The premise is rich with promise, and the potential for really incisive satire is great.  Unfortunately, Phillips, who also wrote the screenplay (based on a 1960 British film of the same name which itself was based on a series of novels), seems of two minds about the material, posing some intelligent situations only to shoot for the lowest common denominator. The result is an uneven hodge-podge of silly slapstick (usually culminating in someone getting hit, shot, or shocked in the groin) and joking references to anal rape (any theories regarding a clever subtext of emasculation are undone by the fact that the film cannily avoids even the pretense of having a subtext) separated by lengthy setups deserving of better payoffs.

Another struggle for the film is tone.  While Phillips does occasionally leave the dark in dark comedy (though elements teeter dangerously on the brink of misogynistic), he is clearly uncomfortable letting the film go to some of its more natural extremes,  Characters are often guilty of inconsistency from scene to scene, largely in the interest of maintaining some level of audience sympathy while softening the blow.  Some films can succeed in spite of this (Mean Girls, for example), but School For Scoundrels fails precisely because of it.

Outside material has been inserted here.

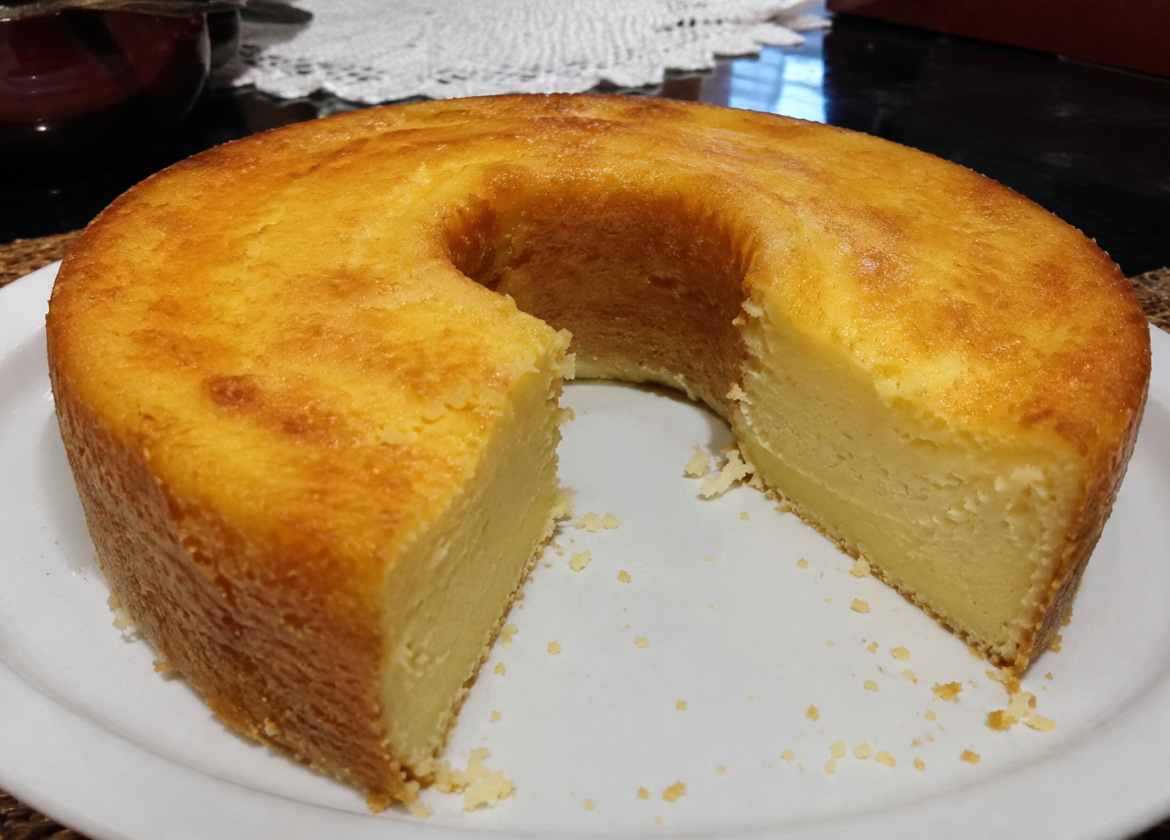 Bolo de Fubá Cremoso de Liquidificador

Thornton is clearly phoning it in, not so much turning in a performance as showing up for work every day, while Heder seems utterly incapable of anything beyond the sort of goofy looks that made him a household name in the vastly overrated Napoleon Dynamite.  The characters themselves vacillate so rapidly and so often that you’re hard pressed to root for either.  Unfortunately, the cast of secondary characters doesn’t really help, with names like Ben Stiller, Sarah Silverman, David Cross, and Luis Guzman, among others, reduced to minor cameos that don’t even capitalize on whatever traits each actor brings to the table.

I’m sure School For Scoundrels will find an audience, but it’s one that I think will ultimately leave disappointed.  Too tame and restrained to appeal as a dark comedy, yet too mean-spirited to work as an outright comedy, this school is ultimately one that’s not worth the price of tuition.